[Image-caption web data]
- - -

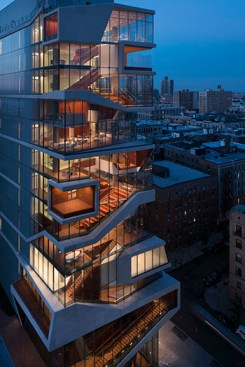 The Roy and Diana Vagelos Educatiob Center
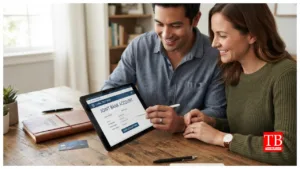 Joint Bank Account –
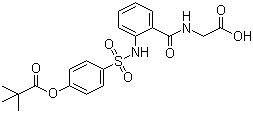 分子結構圖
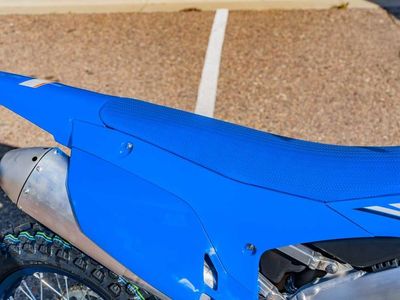 2026 Yamaha WR450F - Photo 9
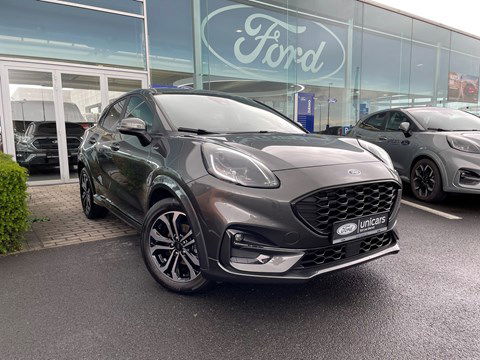 Ford Puma ST-Line - 1.0 Ecoboost 125PK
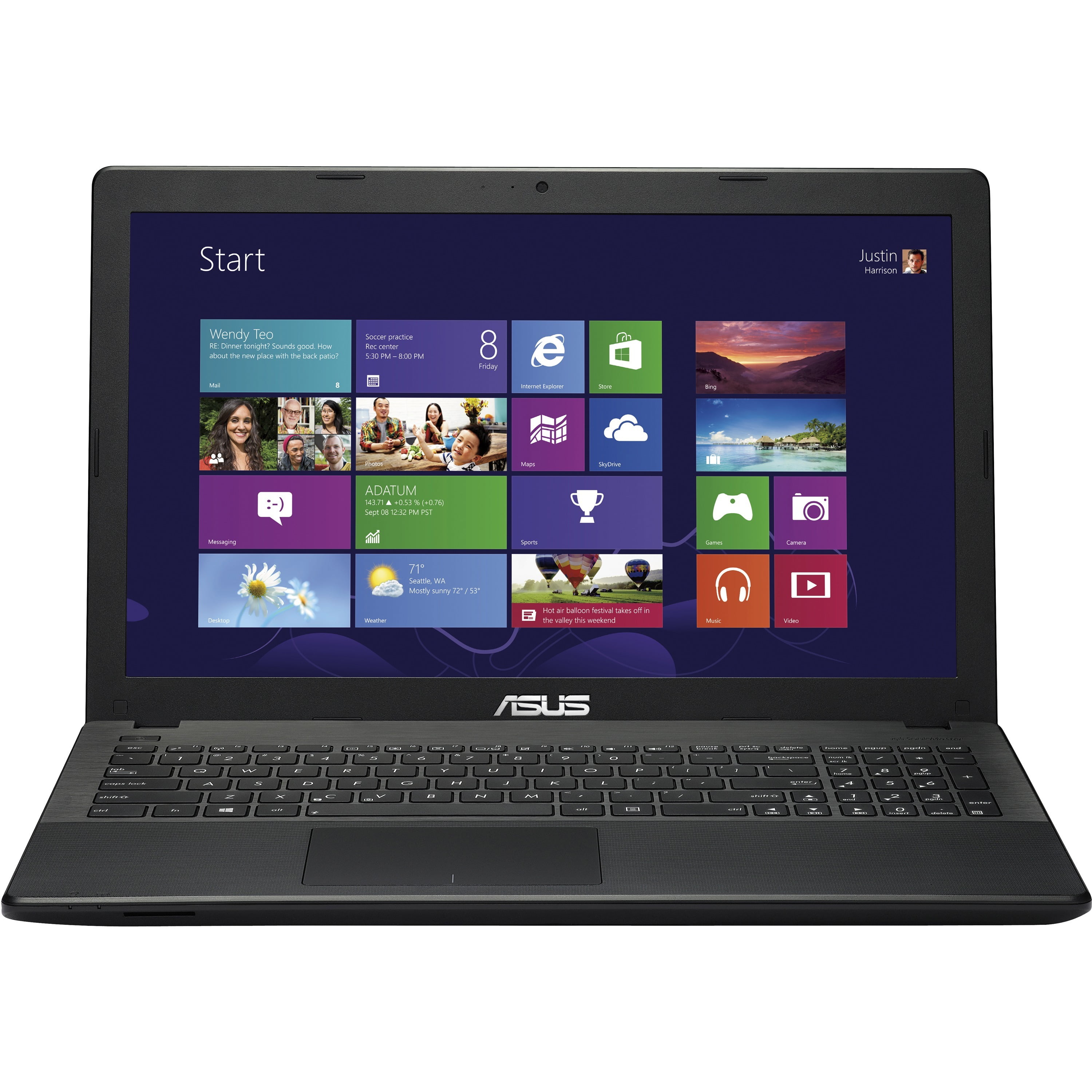 X551MAVEB01B(S) Notebook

- - -

Your goal
Output all of the data word for word, excluding any pictures.

Answer section
 The Roy and Diana Vagelos Educatiob Center
 Joint Bank Account –
 分子結構圖
 2026 Yamaha WR450F - Photo 9
 Ford Puma ST-Line - 1.0 Ecoboost 125PK
 X551MAVEB01B(S) Notebook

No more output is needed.